Once again, thanks for your site and timely answers to questions. My next victim: Qing Hua Jiao Yu. I made the yu xiang pork recipe a week ago or so and it was a home run- unlikely i will ever order pork in “garlic sauce” at a restaurant again.
kind regards, Chuck
Hi Chuck,
I wasn’t so quick this time. Sorry for the delay! You can indeed make your own Sichuan pepper oil this way, if you have nice, fresh, dried peppercorns. Bottled Sichuan pepper oil is made by infusing fresh (undried) peppercorns in hot oil and has a different taste. Ground Sichuan pepper is usually added at the end of cooking or as a finishing spice (as in mapo doufu) for stronger taste. Though in my other Chongqing chicken recipe, I also mix it into the cornstarch that the chicken is dusted in. I hope you’ll experiment and report back. (And maybe brew some in your beer! They do in China. 🙂 )

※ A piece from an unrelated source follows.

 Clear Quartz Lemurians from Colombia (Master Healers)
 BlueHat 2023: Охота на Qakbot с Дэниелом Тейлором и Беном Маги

Made this for my family last night. We lived as expats in Tianjin for 5 years–returned to the US this past December. Naturally we came to love REAL Chinese food (you know…not to be confused with what you can get at the Golden Dragon Buffet on every corner here in the US). We were all so happy with how this turned out…and I’m really impressed with what you’re doing here…and happy I found this site. Will definitely work our way through more of your recipes…and will have questions about other things that we have found difficult to find here.
For instance…one thing we loved over there was 干锅千叶豆腐, Gan Guo Qian Ye Dou Fu. Not too complicated to make…just that we can’t seem to find the specific form & texture of tofu used in that and similar dishes. Any ideas?
Hi Mark,
Thanks very much for writing. I love to hear from people who have lived in China and miss the food. It’s hard to replace it here, I know.
I’m sorry I don’t know that specific dry pot. What IS the texture of the doufu? Is it doufu gan (dry, pressed doufu)? Or doufu skin? Both are widely available in the U.S. in Chinese markets. Or is it some other version? From photos of it online, I can’t really tell what form is used. But I’d love to try it myself!
I think it’s more like a dry pressed form…but the texture is unique…not like what I see in ordinary supermarkets here in the US. Maybe a bit more “springy”…I’d say “rubbery”, but it’s not that in a negative way.
I’ll ask a friend to help me get more details.